[PATCHSET] block: implement blkcg hierarchy support in cfq

Mon Dec 17 18:50:14 UTC 2012

On Mon, Dec 17, 2012 at 09:38:00AM -0800, Tejun Heo wrote:

[..]
> > >   Treating cfqqs and cfqgs as equals doesn't make much sense to me and
> > >   is hairy - we need to establish ioprio to weight mapping and the
> > >   weights fluctuate as processes fork and exit.
> > 
> > So weights of task (io_context) or blkcg weights don't fluctuate with
> > task fork/exit. It is just the weight on service tree, which fluctuates.
> 
> Why would the weight on service tree fluctuate?

Because tasks come and go and get queued on service tree. I am referring
to total_weight on service tree and not weight of individual entity. That
will change only if ioprio of task changes or blkio.weight is updated.

[..]
> > I think we first need to have some kind of buy-in from cpu controller
> > guys that yes in long term they will change it. Otherwise we don't want
> > to be stuck in a situation where cpu and blkio behave entirely
> > differently.
> 
> Sure, I was planning to work on that once blkio is in place but it's
> not like we can be consistent in any other way and I don't think
> making cpu support this behavior would be too difficult.  It's just
> dealing with an extra leaf node after all.  Peter?

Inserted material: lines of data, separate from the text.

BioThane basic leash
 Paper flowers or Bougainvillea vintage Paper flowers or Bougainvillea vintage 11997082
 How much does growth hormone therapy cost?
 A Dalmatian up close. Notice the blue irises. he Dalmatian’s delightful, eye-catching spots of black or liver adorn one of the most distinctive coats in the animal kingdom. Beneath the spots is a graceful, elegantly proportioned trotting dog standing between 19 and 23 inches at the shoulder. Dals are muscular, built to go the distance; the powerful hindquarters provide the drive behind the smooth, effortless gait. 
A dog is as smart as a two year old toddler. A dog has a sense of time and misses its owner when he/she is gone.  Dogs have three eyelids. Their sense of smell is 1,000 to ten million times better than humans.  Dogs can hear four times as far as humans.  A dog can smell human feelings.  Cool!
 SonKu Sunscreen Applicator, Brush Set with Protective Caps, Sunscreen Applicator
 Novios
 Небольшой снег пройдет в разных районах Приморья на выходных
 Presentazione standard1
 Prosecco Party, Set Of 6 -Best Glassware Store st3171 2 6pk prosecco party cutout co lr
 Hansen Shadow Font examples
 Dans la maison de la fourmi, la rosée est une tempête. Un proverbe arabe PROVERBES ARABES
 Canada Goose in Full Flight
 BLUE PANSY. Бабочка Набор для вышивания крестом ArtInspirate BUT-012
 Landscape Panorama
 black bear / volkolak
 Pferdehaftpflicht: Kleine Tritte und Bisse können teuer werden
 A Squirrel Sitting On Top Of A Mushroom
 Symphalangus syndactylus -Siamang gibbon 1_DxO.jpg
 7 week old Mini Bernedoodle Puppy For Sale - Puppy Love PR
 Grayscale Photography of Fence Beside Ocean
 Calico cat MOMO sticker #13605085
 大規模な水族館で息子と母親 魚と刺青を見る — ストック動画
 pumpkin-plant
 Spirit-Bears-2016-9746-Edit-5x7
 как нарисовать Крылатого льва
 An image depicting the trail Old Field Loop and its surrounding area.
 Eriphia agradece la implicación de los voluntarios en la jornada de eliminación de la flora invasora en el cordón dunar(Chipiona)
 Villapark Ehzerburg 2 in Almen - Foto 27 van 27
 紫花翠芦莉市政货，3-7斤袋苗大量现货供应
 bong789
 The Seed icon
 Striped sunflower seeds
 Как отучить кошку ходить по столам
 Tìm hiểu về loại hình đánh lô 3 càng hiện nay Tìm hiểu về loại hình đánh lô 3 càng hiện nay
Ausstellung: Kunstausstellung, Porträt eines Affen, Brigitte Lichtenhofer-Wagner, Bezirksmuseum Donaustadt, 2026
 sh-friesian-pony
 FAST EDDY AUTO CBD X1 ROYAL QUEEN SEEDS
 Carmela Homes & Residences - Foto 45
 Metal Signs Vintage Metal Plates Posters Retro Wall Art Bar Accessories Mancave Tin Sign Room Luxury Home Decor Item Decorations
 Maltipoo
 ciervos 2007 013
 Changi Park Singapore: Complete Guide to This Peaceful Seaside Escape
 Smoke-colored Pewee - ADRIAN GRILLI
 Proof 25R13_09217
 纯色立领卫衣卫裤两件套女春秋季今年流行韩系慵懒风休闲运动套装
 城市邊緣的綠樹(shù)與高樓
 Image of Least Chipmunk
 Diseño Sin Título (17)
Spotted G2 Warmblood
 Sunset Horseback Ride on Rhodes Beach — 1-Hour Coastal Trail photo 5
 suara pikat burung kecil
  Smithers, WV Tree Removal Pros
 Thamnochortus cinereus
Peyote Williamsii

I am not concerned about implementation. I am only worried about having
agreement that having a hidden group is a better thing to do as compared
to what we have now.

[..]
> > So though I don't mind the notion of this hidden cgroups but given
> > the fact that we have implemented things other way and left it to
> > user space to manage it based on their needs, I am not sure what's
> > that fundamental reason that we should change that assumption now.
> 
> Hmmm?  blkio doesn't work like that *at all*.  Currently, it basically
> treats the root cgroup as a leaf group, so I'm kinda lost why you're
> talking about "changing the assumption" because the proposed patchset
> maintains the existing behavior (at least for 1-level hierarchy) while
> what you're suggesting would change the behavior fundamentally.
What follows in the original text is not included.